(Record excerpts begins)
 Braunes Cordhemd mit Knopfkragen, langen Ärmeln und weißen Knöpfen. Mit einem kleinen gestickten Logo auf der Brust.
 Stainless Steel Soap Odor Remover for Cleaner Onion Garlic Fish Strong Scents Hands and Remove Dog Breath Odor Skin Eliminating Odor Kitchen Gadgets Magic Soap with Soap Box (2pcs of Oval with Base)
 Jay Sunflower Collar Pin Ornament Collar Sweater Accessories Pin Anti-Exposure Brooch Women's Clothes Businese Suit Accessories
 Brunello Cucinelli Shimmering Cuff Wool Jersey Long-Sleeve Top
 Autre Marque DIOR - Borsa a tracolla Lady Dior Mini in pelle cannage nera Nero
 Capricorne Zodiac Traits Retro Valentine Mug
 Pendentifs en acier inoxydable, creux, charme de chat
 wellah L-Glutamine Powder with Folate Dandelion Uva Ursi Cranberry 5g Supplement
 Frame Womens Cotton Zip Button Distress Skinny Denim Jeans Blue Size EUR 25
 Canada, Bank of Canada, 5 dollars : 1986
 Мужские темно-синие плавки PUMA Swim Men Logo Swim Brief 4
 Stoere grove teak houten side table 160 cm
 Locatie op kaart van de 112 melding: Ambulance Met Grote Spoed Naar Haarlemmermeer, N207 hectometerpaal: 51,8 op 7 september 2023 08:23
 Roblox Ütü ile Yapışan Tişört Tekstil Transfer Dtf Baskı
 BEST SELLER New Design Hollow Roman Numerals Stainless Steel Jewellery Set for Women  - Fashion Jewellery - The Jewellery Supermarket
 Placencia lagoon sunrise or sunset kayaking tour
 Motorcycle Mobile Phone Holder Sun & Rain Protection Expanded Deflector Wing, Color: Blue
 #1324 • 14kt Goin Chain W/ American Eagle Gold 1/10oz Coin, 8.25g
(Record excerpts ends)
# Task to carry out
Write out the full listing, keeping every line exactly as it is.

# Written reply
 Braunes Cordhemd mit Knopfkragen, langen Ärmeln und weißen Knöpfen. Mit einem kleinen gestickten Logo auf der Brust.
 Stainless Steel Soap Odor Remover for Cleaner Onion Garlic Fish Strong Scents Hands and Remove Dog Breath Odor Skin Eliminating Odor Kitchen Gadgets Magic Soap with Soap Box (2pcs of Oval with Base)
 Jay Sunflower Collar Pin Ornament Collar Sweater Accessories Pin Anti-Exposure Brooch Women's Clothes Businese Suit Accessories
 Brunello Cucinelli Shimmering Cuff Wool Jersey Long-Sleeve Top
 Autre Marque DIOR - Borsa a tracolla Lady Dior Mini in pelle cannage nera Nero
 Capricorne Zodiac Traits Retro Valentine Mug
 Pendentifs en acier inoxydable, creux, charme de chat
 wellah L-Glutamine Powder with Folate Dandelion Uva Ursi Cranberry 5g Supplement
 Frame Womens Cotton Zip Button Distress Skinny Denim Jeans Blue Size EUR 25
 Canada, Bank of Canada, 5 dollars : 1986
 Мужские темно-синие плавки PUMA Swim Men Logo Swim Brief 4
 Stoere grove teak houten side table 160 cm
 Locatie op kaart van de 112 melding: Ambulance Met Grote Spoed Naar Haarlemmermeer, N207 hectometerpaal: 51,8 op 7 september 2023 08:23
 Roblox Ütü ile Yapışan Tişört Tekstil Transfer Dtf Baskı
 BEST SELLER New Design Hollow Roman Numerals Stainless Steel Jewellery Set for Women  - Fashion Jewellery - The Jewellery Supermarket
 Placencia lagoon sunrise or sunset kayaking tour
 Motorcycle Mobile Phone Holder Sun & Rain Protection Expanded Deflector Wing, Color: Blue
 #1324 • 14kt Goin Chain W/ American Eagle Gold 1/10oz Coin, 8.25g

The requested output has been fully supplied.